Возможно, Олли бы хотела выйти на улицу… Да, она хотела бы этого. Выйти на улицу в Рождество. Ловить снежинки, падающие с неба, бегать по наледи, кидать снежки в прохожих и срывать светящиеся гирлянды с деревьев, чтобы обмотаться в них самой.
Но Олли не могла. От этого всегда становилось грустно.
Почему она не могла выйти на улицу? Улыбаться прохожим, гулять вдоль дорог? Почему все её мечты лежат за пределами оконной рамы, а она может лишь смотреть на них через стекло?

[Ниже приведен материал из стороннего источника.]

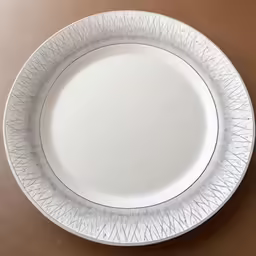 white dinner plate with decorative lines on the rim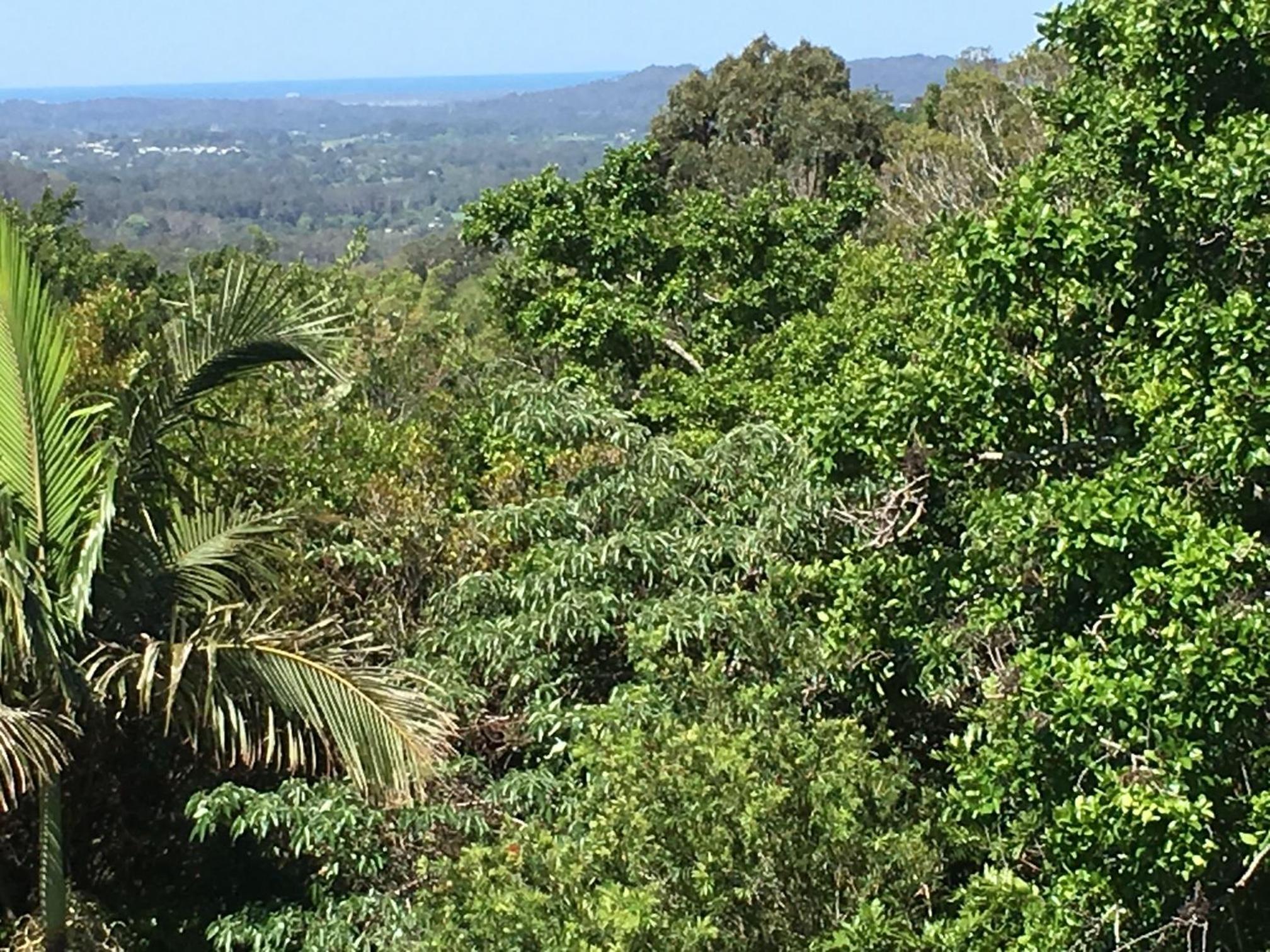 The Country House at Hunchy Montville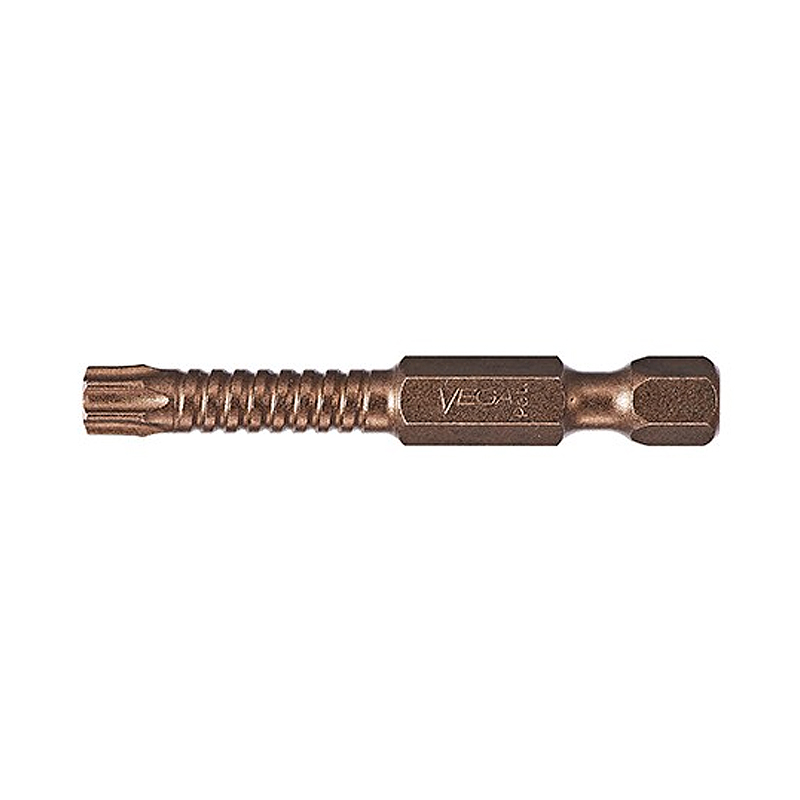 Impactech TORX 10 Power Bit x 2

Потому ли, что она не такая?
Потому ли, что на её улыбки прохожие отходили в сторону?
Она ведь не виновата. Никто в Доме не виноват, что они такие… не такие, как все.
И перед тем, как Олли почти утопила себя в едкой печали за себя и своих друзей, перед ней резко возникло лицо, корчащее гримасу:
– Бу!
Олли от испуга попятилась на коленках, совсем позабыв, что она стоит ими на пуфе, который рано или поздно кончится, а после она плюхнется назад.
Так и вышло.
Уже сидя на полу Олли с обидой взглянула на внезапного гостя, но не сумела и секунды продержать маску на лице: перевёрнутый вверх тормашками друг со свисающим вниз поясом штанов и прядями непослушных рыжих волос выглядел слишком забавно, чтобы не залиться смехом.
– На́зу, слезай с потолка! – сквозь смешки попросила девушка, поджимая ноги под себя. – Что ты там забыл?
– Тебя пугал, – честно ответил юноша и ловко спрыгнул на пол, за долю секунды перекувырнувшись в воздухе. – Ты слишком задумчивая сидела, даже не слышала, как я тебя позвал. Ну, загадала желание?
По грустному вздоху Назу понял, что нет.
– Да ладно, не переживай, – махнул он рукой, и в воздухе заплясали огненные искры. – В конце концов, снег всегда тает от тепла.
– Это звёзды, Назу, – хмуро поправила Олли, и юноша улыбнулся, подавая девушке руку.
– Конечно, звёзды.
Он рывком поднял её с пола.
– Пойдём в зал! Там столько вкусного, сейчас всё разберут и нам не достанется. Клариса даже сделала для меня огненные спагетти, представляешь?!
Олли кивнула.
– Хорошо, только обуюсь и накину халат…
И свет резко выключился. Так резко, что оба в комнате вздрогнули от неожиданности, а Назу и вовсе загорелся.
Этим Назу Огненная Саламандра был не таким. Так было с детства – стоило юноше перестать следить за собой хотя бы на секунду, как тот самовозгорался. Во внешнем мире это было ужасно. Одежда сгорала на мальчике за считанные мгновения, что было особенно неловко на виду у других. А сколько пожаров Назу породил по неосторожности – сосчитать нельзя! Сирота без родителей, без дома, обладающий вот таким вот совершенно необъяснимым даром, что по мнению других было проклятием.